Sulla rivista Crimen, qualche mese fa, ho lanciato l’idea filosofica che il processo penale mediatico sia, oggi, un prodotto pop, sul modello estetico dei quadri di Warhol. Riprendendo la pipa di Magritte e sostituendola con un’immagine di un processo e modificandone la didascalia da “questa non è una pipa” a “questo non è un processo, è pop justice” ho pensato di rappresentare la realtà odierna, dove la fiction processuale prevale sul processo vero (fino a pochi anni fa il processo mediatico serviva invece per sostenere quello reale). Sembrava un azzardo intellettuale, ma la cronaca giudiziaria di questi giorni supera l’immaginabile ed il prevedibile. Dall’aula in cui si sta celebrando il processo contro Massimo Bossetti per l’omicidio di Yara Gambirasio, trapela un dato che ha dell’incredibile: il video del furgone bianco (quello riconducibile all’imputato) e che per mesi tutti hanno visto in televisione mentre transitava nei pressi della scuola di danza, poco prima che la giovane venisse rapita dal suo omicida, non è tra gli atti del processo. Una svista? Parrebbe di no; sembrerebbe, dopo la testimonianza del responsabile dei Ris, che quel video fosse stato “concordato” (per ragioni mediatiche).

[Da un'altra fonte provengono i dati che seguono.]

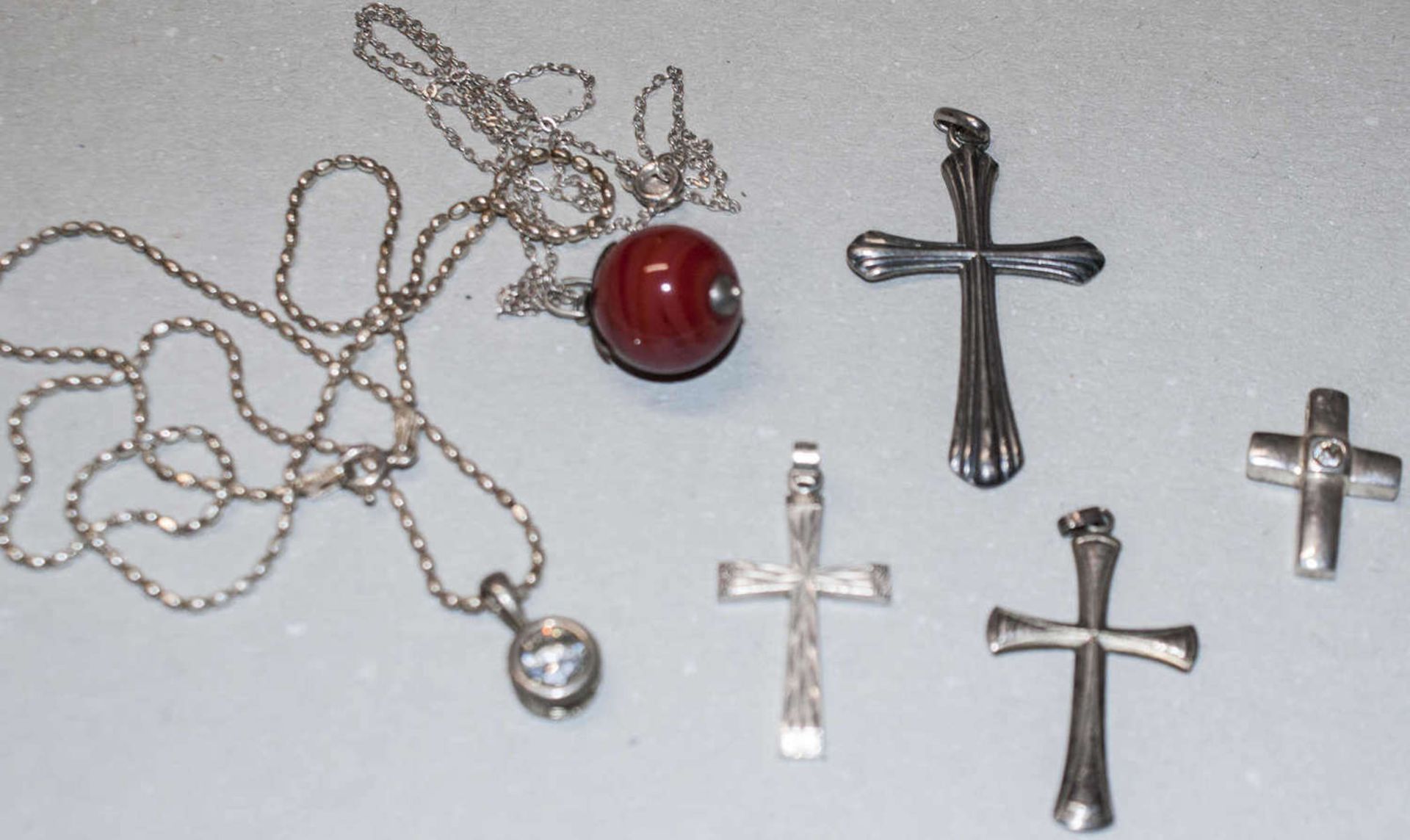 Lot Silberschmuck, dabei 2 Ketten mit Anhängern, sowie 4 Anhänger "Kreuz", Gewicht ca. 21,6g.Lot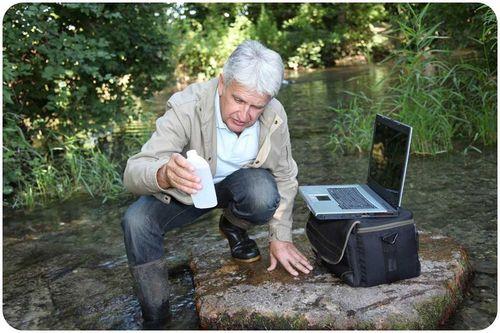 www.ck12.org 5 http://transcanada.essentialtalk.com/media/7/. FIGURE 1.4 This environmental chemist is investigating causes of river pollution. He is collecting and analyzing samples of river water.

Una sorta di spot dell’omicidio, da trasmettere in televisione. L’idea culturale della pop justice era quella secondo cui, oggi, il “processo a puntate” sui media fosse ormai il vero processo, togliendo valore a quello reale, da celebrarsi nell’aula di giustizia. Così come accade per la rappresentazione della pipa di Magritte o per la Marylin Monroe di Warhol. Mai sarebbe stato immaginabile che la pop justice raggiungesse vette così estreme, tramutandosi secondo il paradigma pop, in uno spot mediatico contro l’imputato. Neppure sulla base di elementi d’indagine “proiettati” sullo schermo come la puntata di una fiction, ma di dati non esistenti. Non c’è più la giustizia mediatica per supportare il processo; non c’è più la giustizia mediatica che sostituisce il libro giallo per rimpiazzare il vero processo (lungo e complicato da capire); c’è la giustizia mediatica spot. Almeno l’arte pop e la pop justice nella sua versione ingenua si fondavano su elementi esistenti, poi rivisitati in copia medatica da far godere alla massa; oggi la pop justice ha riscritto i canoni dell’estetica pop per ridisegnarli secondo la provocazione di una nota canzone degli U2 che, proprio a proposito del linguaggio mediatico, lo definisce “even better than the real thing” (persino meglio del reale). La pop justice da ipotesi azzardata si è trasformata ufficialmente in un dato della realtà culturale del nostro tempo.